Most teams that say they have SLOs actually have a target latency number written in a wiki page nobody has opened since the quarter it was created. That's not a criticism — defining a meaningful service-level objective is genuinely hard, and connecting it to a system that can act on it in real time is harder still. But the gap between 'we have an SLO' and 'our SLO changes what we do on a Tuesday afternoon' is where most of the value lives.
A target like '99.9% availability' is easy to state and almost useless on its own. What makes it actionable is the error budget it implies — in this case, about 43 minutes of downtime per month — and a policy for what happens when that budget is spent.

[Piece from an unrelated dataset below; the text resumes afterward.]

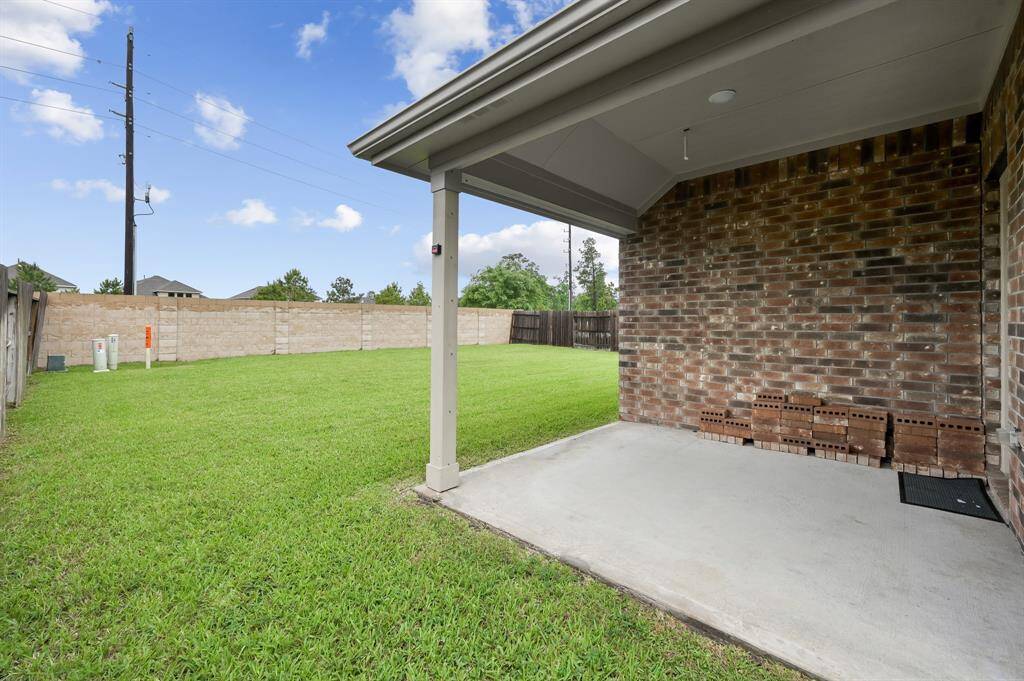 The home's covered patio looks onto the large back yard with NO REAR NEIGHBORS - Plenty of space for entertaining!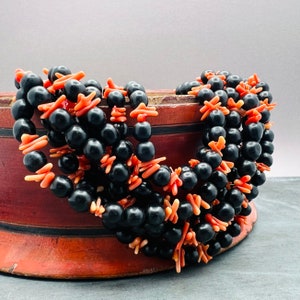 Puede incluir: Un collar de múltiples hilos hecho de cuentas negras y detalles de color coral. El collar está drapeado sobre una caja de madera.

Without the budget and the policy, the target is just a number teams quote in postmortems and otherwise ignore.
The teams that get real value from SLOs treat the error budget as a shared resource the whole team manages actively, not a lagging indicator reviewed after the fact. When the budget is healthy, ship faster and take more risk. When it's nearly exhausted, the default shifts toward stability work — and that shift should be visible and automatic, not something that requires a meeting to decide.
An SLO dashboard nobody looks at doesn't change behavior. The signal needs to show up where engineers are already working — in the deploy pipeline, in the on-call tool, in the same channel where incidents get discussed. A fast error budget burn should be exactly as visible, and exactly as actionable, as a failing test.
None of this requires exotic tooling. It requires treating the SLO as an operational input rather than a reporting artifact — something the system checks continuously, not something a human remembers to check before a quarterly review.